Depuis 45 ans, les jeunes francophones de l’Île-du-Prince-Édouard peuvent s’épanouir et s’engager en français au sein d’un organisme jeunesse, Jeunesse acadienne et francophone de l’Île-du-Prince-Édouard (JAFLIPE).  Depuis ces débuts, il suit la même philosophie, celle du «par et pour» les jeunes.  Ce principe vient de faire l’objet d’une étude pancanadienne.

«C’est l’idée de faire valoir sa voix en tant que jeune, d’affirmer son identité, sa langue et sa culture, d’aller chercher des ressources pour défendre sa communauté en milieu minoritaire», explique Anne Robineau, directrice adjointe de l’Institut canadien de recherche sur les minorités linguistiques, et coauteure de cette étude sur l’application de la philosophie du «par et pour» au sein du réseau jeunesse de la francophonie canadienne, parue jeudi 13 octobre. 

L’Acadienne Karine Gallant, ancienne directrice de JAFLIPE, est la première à avoir formulé le «par et pour», dans les années 1990.  L’idée au cœur de cette philosophie est de placer les jeunes au centre.  Ils intègrent la gouvernance de l’organisme, siègent au sein du conseil d’administration pour prendre eux-mêmes les décisions sur des sujets et des projets qui les concernent directement. 

«Ils apprennent tellement de choses qui peuvent leur servir dans leur futur métier, que ce soit sur le fonctionnement des structures démocratiques, ou la gestion d’un budget, salue Anne Robineau.  Ça leur donne confiance, notamment dans leur français.  Ils sont encouragés à parler publiquement, ils n’ont plus peur de défendre une cause, d’être un ou une porte-parole.» 

Outil contre l’insécurité linguistique

Aux yeux de la chercheuse, JAFLIPE est un «espace sécuritaire» où la parole se libère plus facilement.  «Ça crée aussi des liens d’amitié durables qui perdurent jusqu’à l’âge adulte», poursuit-elle. 

À plus long terme, JAFLIPE, et tous les autres organismes jeunesse contribuent à la vitalité des communautés francophones.  Une fois adultes, les jeunes continuent dans la grande majorité des cas à vivre en français, à s’engager en faveur du développement de leur communauté.  «Pour certains, c’est un tremplin professionnel vers le communautaire, pour d’autres, une porte d’entrée vers la défense des droits linguistiques», observe Anne Robineau.
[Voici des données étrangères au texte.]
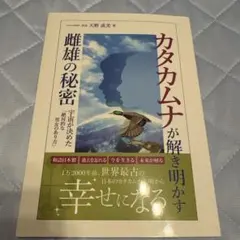超科学書「カタカムナ」の謎 : 神代文字に秘められた<宇宙と生命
Sur le terrain, cette philosophie du «par et pour» n’inclue pas toujours l’ensemble des jeunes.  Si JAFLIPE tente de s’ouvrir à la diversité de la francophonie, cela ne se reflète pas encore dans sa structure.  «La volonté d’inclusion est là, mais il n’y a pas forcément les relais dans les écoles pour recruter de jeunes nouveaux arrivants», analyse Anne Robineau. 

L’universitaire évoque également le défi d’accorder une plus grande place aux francophones de langue seconde inscrits dans des écoles d’immersion.  «Ça fait toujours débat, il y a parfois des clivages entre les générations», témoigne Anne Robineau. 

Quels que soient les défis auxquels sont confrontés ces organismes, la chercheuse appelle les communautés francophones à ne pas «sous-estimer ce que peuvent leur apporter les jeunes».